Material supplied

++++++

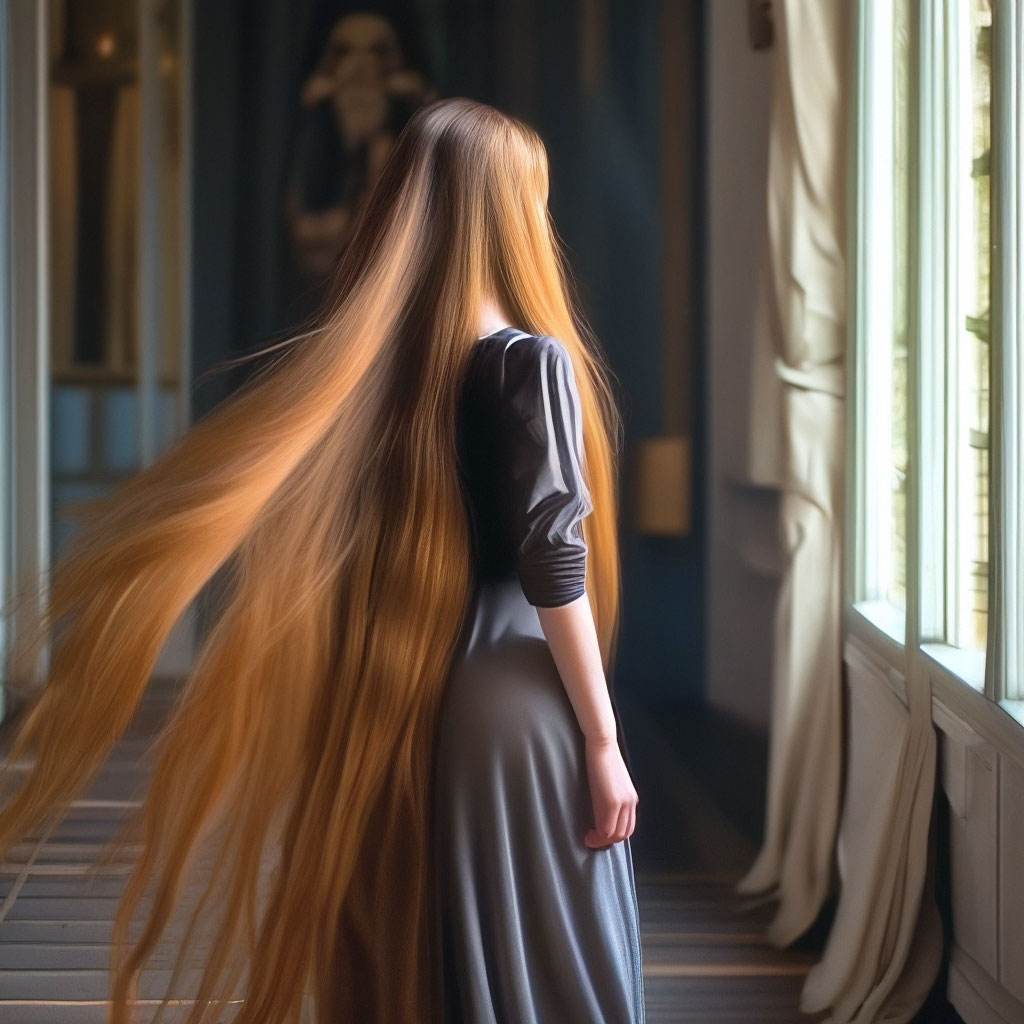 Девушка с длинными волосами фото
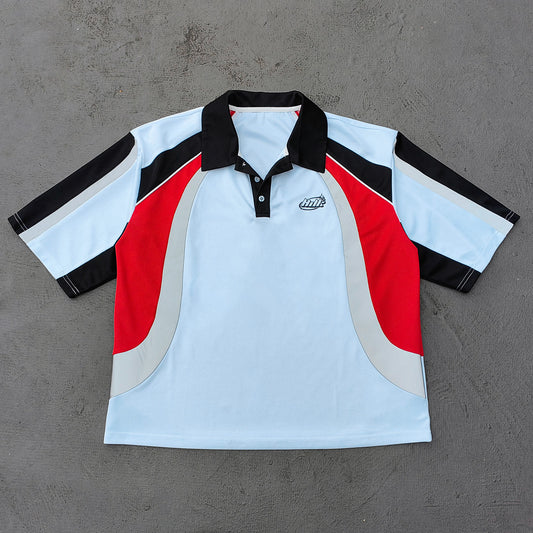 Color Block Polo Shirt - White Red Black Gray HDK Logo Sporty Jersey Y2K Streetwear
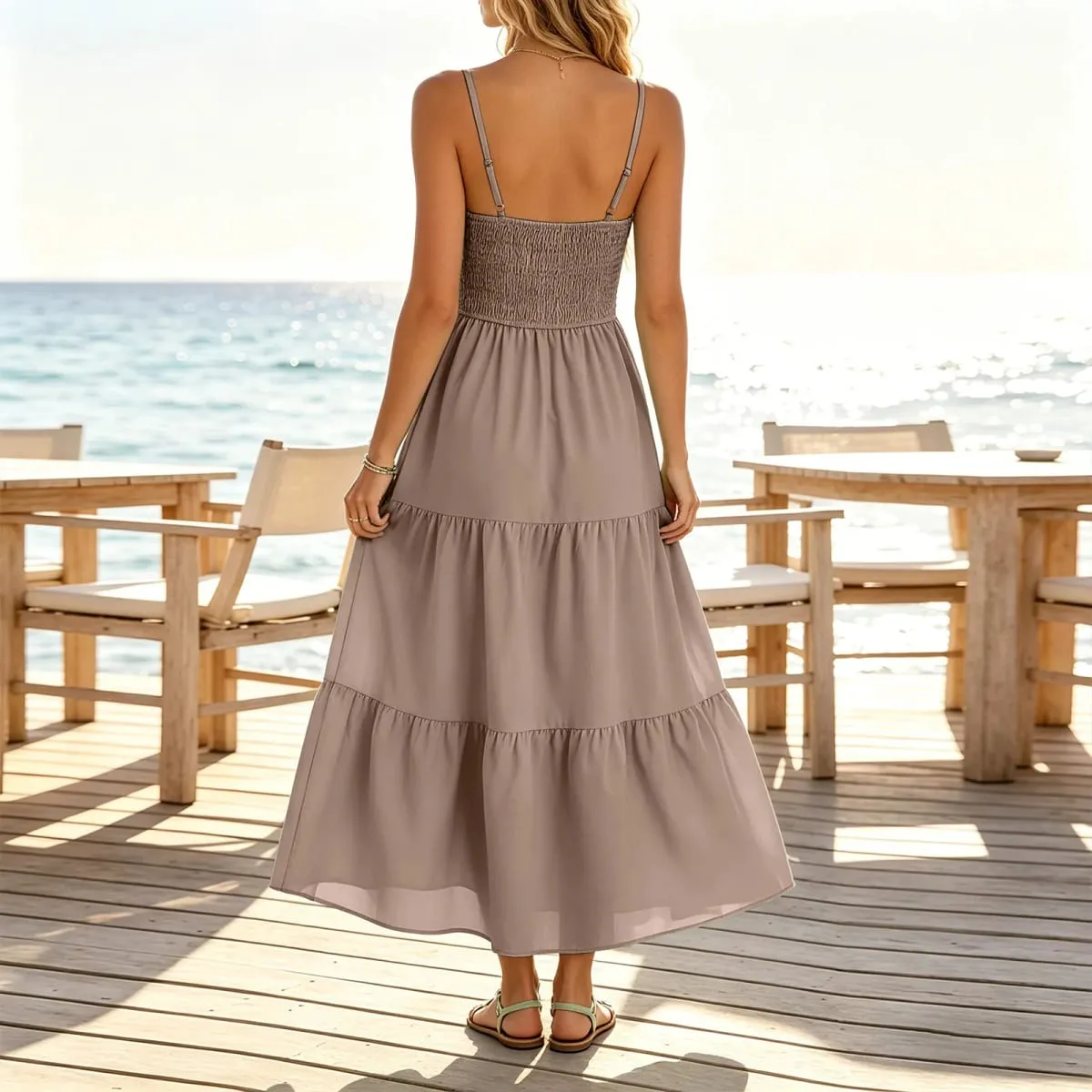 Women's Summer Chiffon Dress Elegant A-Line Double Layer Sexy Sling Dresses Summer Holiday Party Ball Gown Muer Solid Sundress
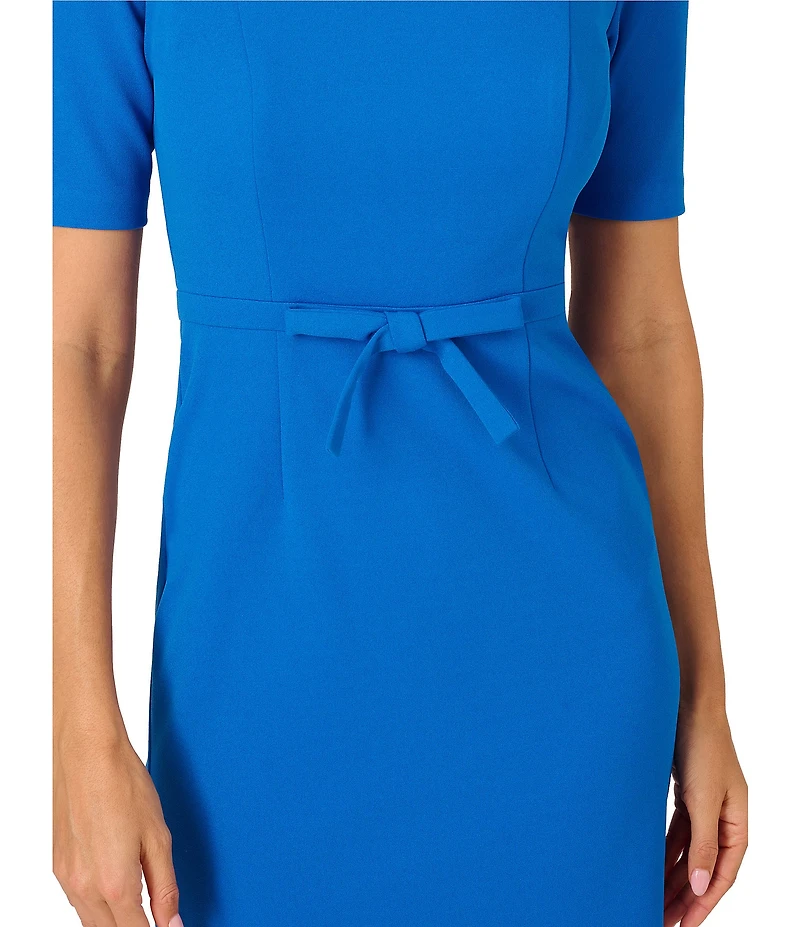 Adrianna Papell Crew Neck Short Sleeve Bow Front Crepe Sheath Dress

++++++

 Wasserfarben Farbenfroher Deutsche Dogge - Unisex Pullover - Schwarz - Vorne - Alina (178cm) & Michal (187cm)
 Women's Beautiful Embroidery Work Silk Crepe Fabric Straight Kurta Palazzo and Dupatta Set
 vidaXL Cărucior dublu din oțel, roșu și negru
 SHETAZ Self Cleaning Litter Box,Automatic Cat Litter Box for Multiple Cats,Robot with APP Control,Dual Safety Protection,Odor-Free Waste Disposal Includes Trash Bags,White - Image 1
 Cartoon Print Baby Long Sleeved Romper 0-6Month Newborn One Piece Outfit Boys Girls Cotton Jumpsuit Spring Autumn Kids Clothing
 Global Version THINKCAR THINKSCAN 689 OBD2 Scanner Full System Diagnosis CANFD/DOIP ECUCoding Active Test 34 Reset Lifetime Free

++++++

Exercise
The material above holds pictures; leave them out and set down exactly the lines from the line with "Color Block Polo" to the line with "Adrianna Papell Crew", both included.

Output below
 Color Block Polo Shirt - White Red Black Gray HDK Logo Sporty Jersey Y2K Streetwear
 Women's Summer Chiffon Dress Elegant A-Line Double Layer Sexy Sling Dresses Summer Holiday Party Ball Gown Muer Solid Sundress
 Adrianna Papell Crew Neck Short Sleeve Bow Front Crepe Sheath Dress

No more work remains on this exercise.